(Short descriptive text snippets)
-.-.-
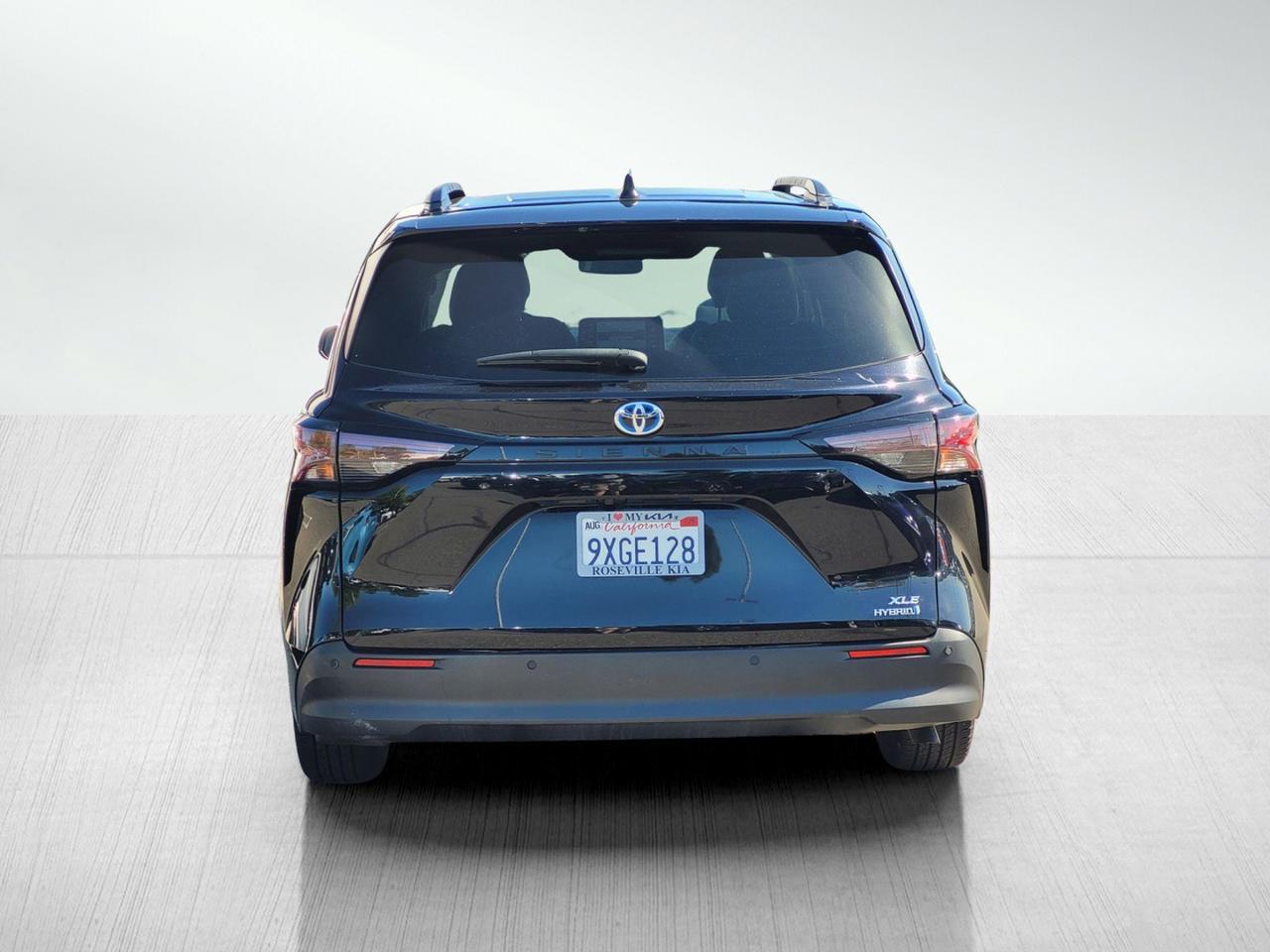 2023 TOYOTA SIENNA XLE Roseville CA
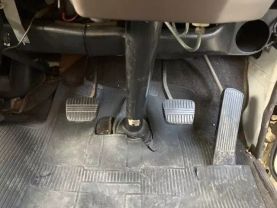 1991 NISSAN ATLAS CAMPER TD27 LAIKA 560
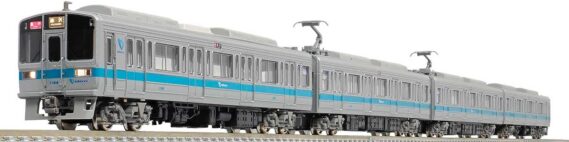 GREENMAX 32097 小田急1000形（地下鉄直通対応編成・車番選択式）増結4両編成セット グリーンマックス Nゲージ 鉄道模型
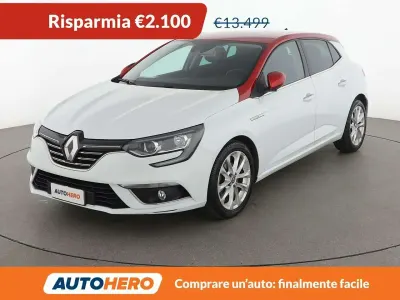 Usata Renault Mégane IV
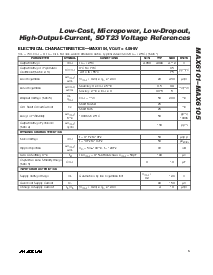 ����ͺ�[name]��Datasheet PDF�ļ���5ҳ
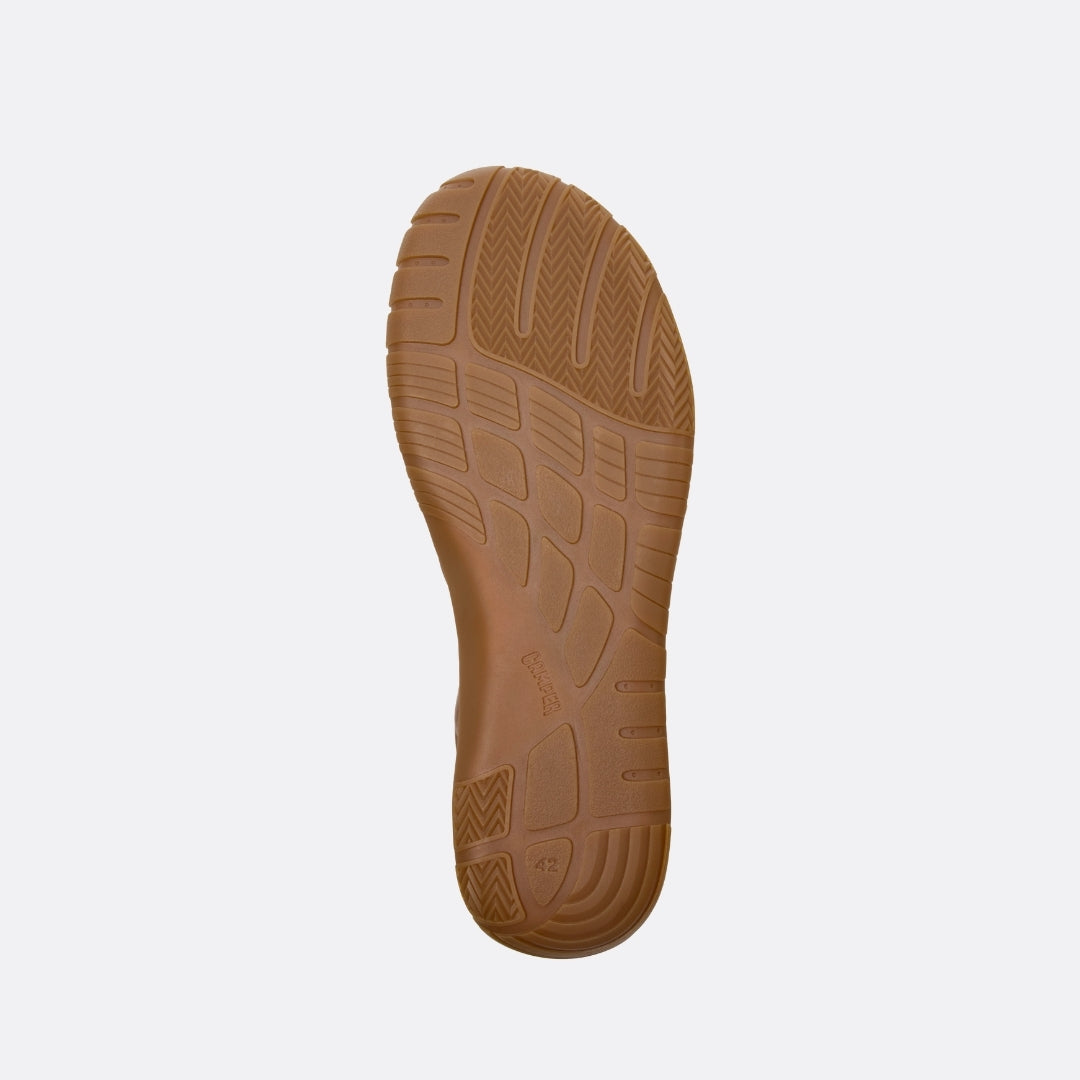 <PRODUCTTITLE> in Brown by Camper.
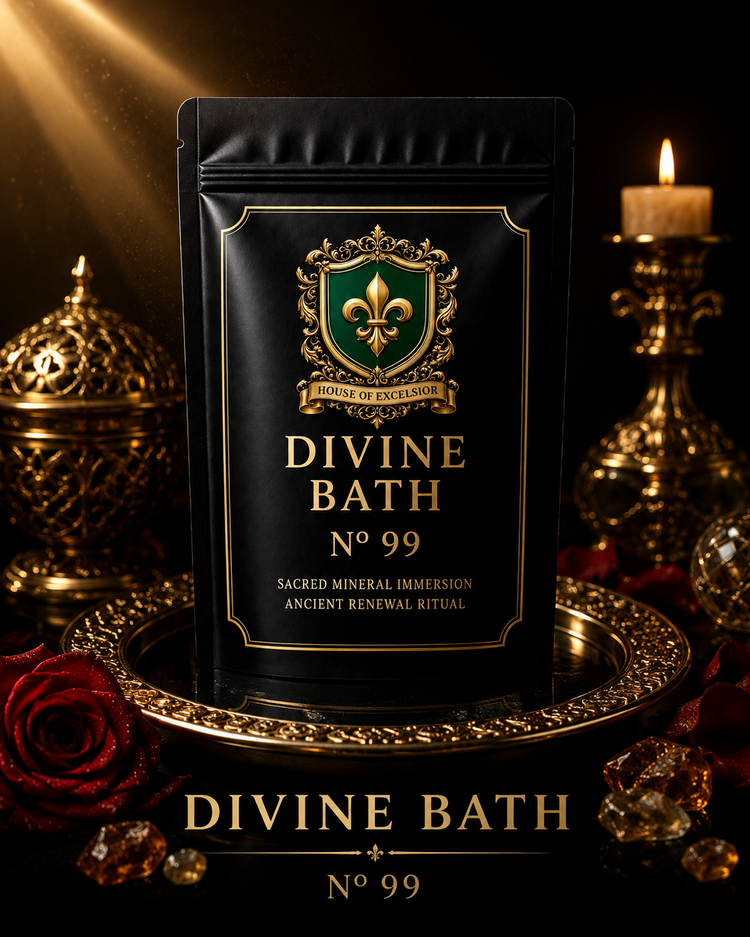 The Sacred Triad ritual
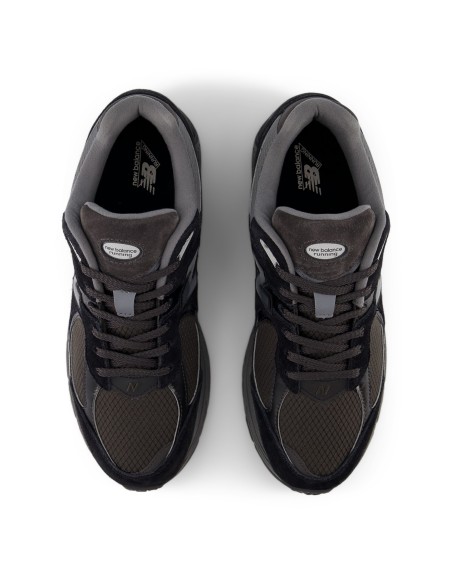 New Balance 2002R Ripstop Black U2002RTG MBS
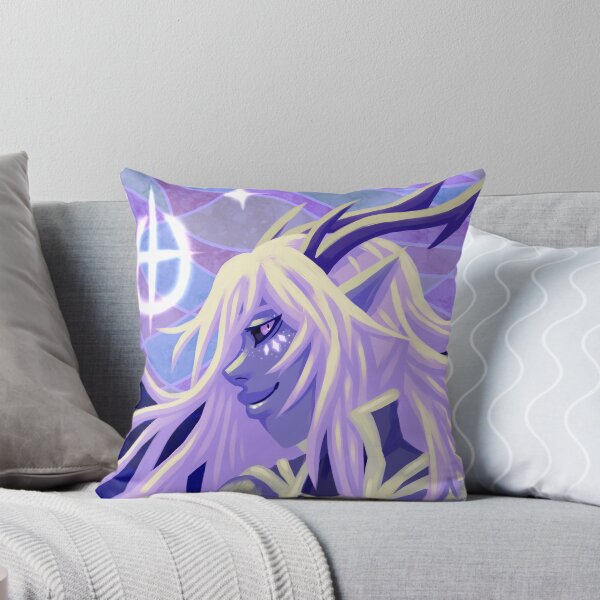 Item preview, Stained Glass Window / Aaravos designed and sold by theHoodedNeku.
-.-.-
Nothing but an exact copy of the data, without pictures, should be returned.

 2023 TOYOTA SIENNA XLE Roseville CA
 1991 NISSAN ATLAS CAMPER TD27 LAIKA 560
 GREENMAX 32097 小田急1000形（地下鉄直通対応編成・車番選択式）増結4両編成セット グリーンマックス Nゲージ 鉄道模型
 Usata Renault Mégane IV
 ����ͺ�[name]��Datasheet PDF�ļ���5ҳ
 <PRODUCTTITLE> in Brown by Camper.
 The Sacred Triad ritual
 New Balance 2002R Ripstop Black U2002RTG MBS
 Item preview, Stained Glass Window / Aaravos designed and sold by theHoodedNeku.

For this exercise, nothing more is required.